Millions of Britons are failing to plan for what will happen if their income drops if they are forced out of work by illness.
Just 46% of parents have life insurance, 22% have private health insurance or dental cover, but fewer still – 18% – have critical illness cover and income protection comes bottom of the list with 13%.
A new report by Aviva shows that more people are likely to insure their homes, mobile phones or pets rather than insure their family’s income against illness or incapacity.
The figures show 65% willing to buy protection for their home, 24% value their pets and 23% insure their mobile phones.
Yet almost half of people with young children – 43% – are concerned about developing a serious illness. It is their second biggest fear, just slightly behind the 45% who worry about the rising cost of living.
Aviva’s head of individual protection, Paul Brencher, says: “This ostrich-like approach to financial planning may suggest that the more frightening a scenario is, the less willing people are to engage with it and to plan accordingly.”
What are the causes?
The main reason for the reluctance to take out insurance is that many people don’t believe the insurance company will pay out in the event of a claim.
However, Mr Brencher points out that figures from the Association of British Insurers (ABI) show that in 2015 over 97% of all protection claims were paid out.
The most common reasons for rejection are that the condition was not covered by the policy or the customer didn’t disclose full information when taking the policy out.
Another top reason is that people think they are invincible – the worst will not happen to them.
Figures from the ABI show more than a million workers a year find themselves unable to work because of serious illness or injury.
Others rely on statutory sick pay (SSP), but that will only go so far. SSP paid by an employer is just £87.55 a week and runs out after 28 weeks.

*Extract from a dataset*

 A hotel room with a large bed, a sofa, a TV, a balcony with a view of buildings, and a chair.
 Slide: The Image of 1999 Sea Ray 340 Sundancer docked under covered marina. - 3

The new Personal Independence Payment (PIP) is designed to take over after that for long term ill health or disability, but there is a wide range of payments – from £21.55 to £138.05 a week – and they are dependent on how your illness affects you, not the illness itself.

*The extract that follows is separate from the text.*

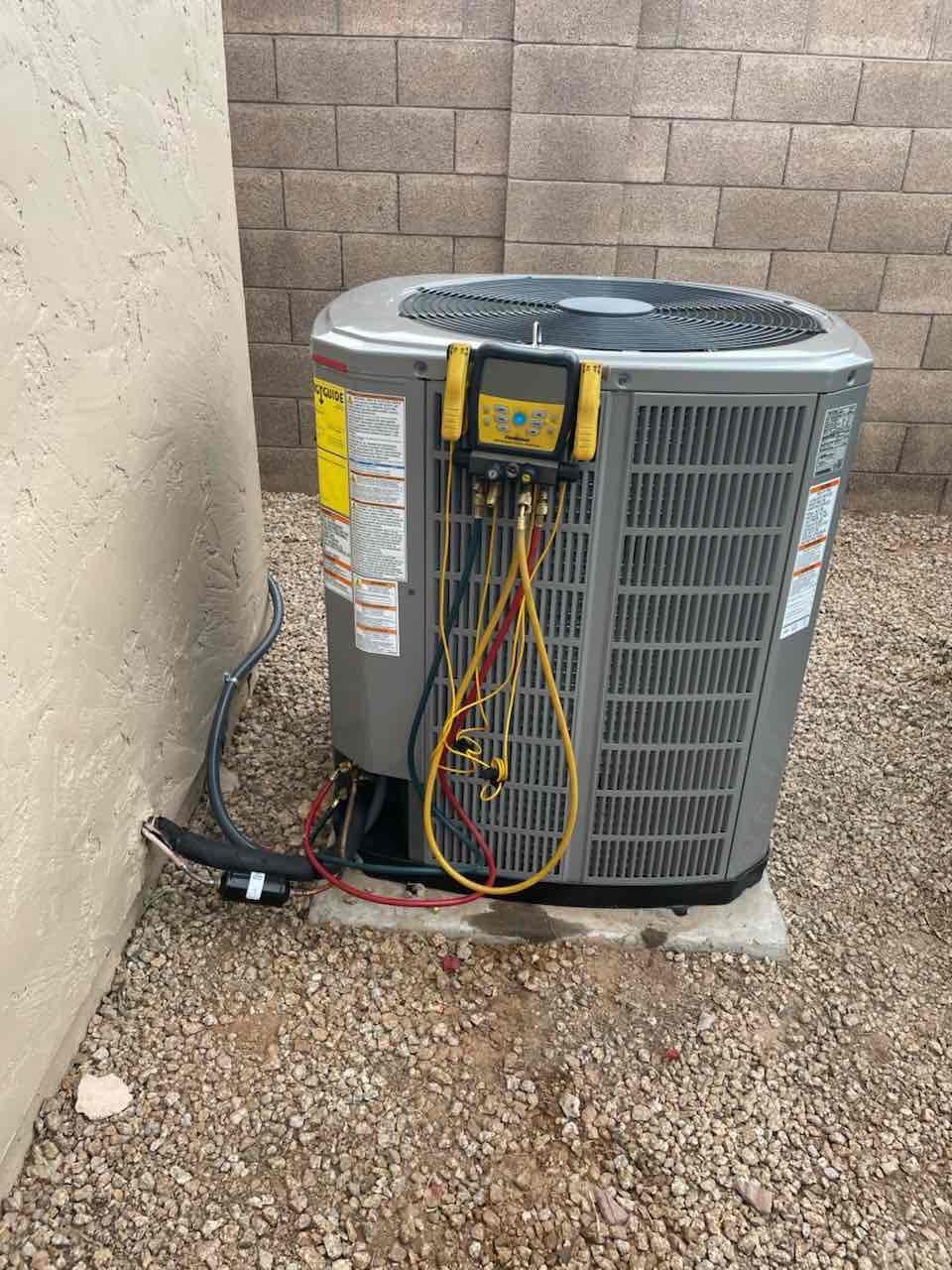 Outdoor condenser set on a level pad with digital manifold connected to service ports and insulated line set routed to the wall.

The report claims 45% of those surveyed could only survive financially for a month of the main breadwinner was forced to come out of work.
Of those who have actually had to deal with the situation, 20% say they think they may never recover financially or, if they do, they have no idea how long it will take.
Mr Brencher says: “With the pressures of modern living it’s very easy for parents to get side-tracked into only dealing with immediate challenges and problems, such as putting food on the table, and protecting material possessions.
“While these are all important, it is also essential that parents consider the long-term impact for their family if they were to fall seriously ill.
“Making small financial sacrifices now could ensure they are financially resilient for the future.”